Read data from excel starting from second row

I’m trying to read data in an excel workbook that starts on the second row. Using ExcelFiles, I can I read into a dataframe if the data starts on the first row

DataFrame(load(fname, "sheetname")

But I’m not sure what to do when the data headers begin on the second (or later) row.

If you know the size of your data, you can explicitly specify the input range:

julia> DataFrame(load("test.xlsx", "Sheet1!A2:B5"))
3×2 DataFrames.DataFrame
│ Row │ test1 │ test2 │
├─────┼───────┼───────┤
│ 1   │ 1.0   │ 4.0   │
│ 2   │ 2.0   │ 5.0   │
│ 3   │ 3.0   │ 6.0   │

edit: looks like it might be better to use ExcelReaders.jl, which skips blank starting lines by default, or allows you to skip some number of lines:
readxlsheet("test.xlsx", "Sheet1", skipstartrows=1) |> DataFrame

1 Like

load(fname, "sheetname") should skip empty rows at the beginning. If not, it is a bug and it would be great if you could file an issue with a replication case.

You can also do things like load(fname, "sheetname", skipstartrows=1) to skip a row at the beginning. You would do that if the row actually contains stuff, i.e. if it is not blank.

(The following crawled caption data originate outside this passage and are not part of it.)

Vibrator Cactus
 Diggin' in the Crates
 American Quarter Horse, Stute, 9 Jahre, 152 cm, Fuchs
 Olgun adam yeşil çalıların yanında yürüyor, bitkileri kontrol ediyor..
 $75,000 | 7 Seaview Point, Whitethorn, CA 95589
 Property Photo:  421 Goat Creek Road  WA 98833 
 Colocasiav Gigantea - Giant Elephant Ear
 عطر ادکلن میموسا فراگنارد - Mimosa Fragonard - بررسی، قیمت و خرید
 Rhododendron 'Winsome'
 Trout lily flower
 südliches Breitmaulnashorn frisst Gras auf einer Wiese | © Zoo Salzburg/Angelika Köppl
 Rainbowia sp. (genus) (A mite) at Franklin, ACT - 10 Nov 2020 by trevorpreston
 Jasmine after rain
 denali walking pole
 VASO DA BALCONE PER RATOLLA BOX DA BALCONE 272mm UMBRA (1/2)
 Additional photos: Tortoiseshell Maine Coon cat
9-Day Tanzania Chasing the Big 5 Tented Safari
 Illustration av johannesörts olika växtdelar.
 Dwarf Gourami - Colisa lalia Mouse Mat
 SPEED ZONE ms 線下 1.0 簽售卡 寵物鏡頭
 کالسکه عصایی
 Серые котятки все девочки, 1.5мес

The whole documentation for this is a bit in flux. I’m starting to consolidate things here, if you want to take a look at an early version of the new documentation.

2 Likes

Thanks all.

@davidanthoff This first row of my spreadsheet does have data, just not actually part of a tabular dataset, so I think this is the intended behavior. However, the skipstartrows keyword only works with readxlsheet, not load in my environment. Is this something that’s available in master but not version 0.3?

Ah, that is a bug! Fixed on master, once https://github.com/JuliaLang/METADATA.jl/pull/14692 is merged it will go out widely. Thanks for reporting!

Thanks @davidanthoff! And thanks for the great packages :slight_smile: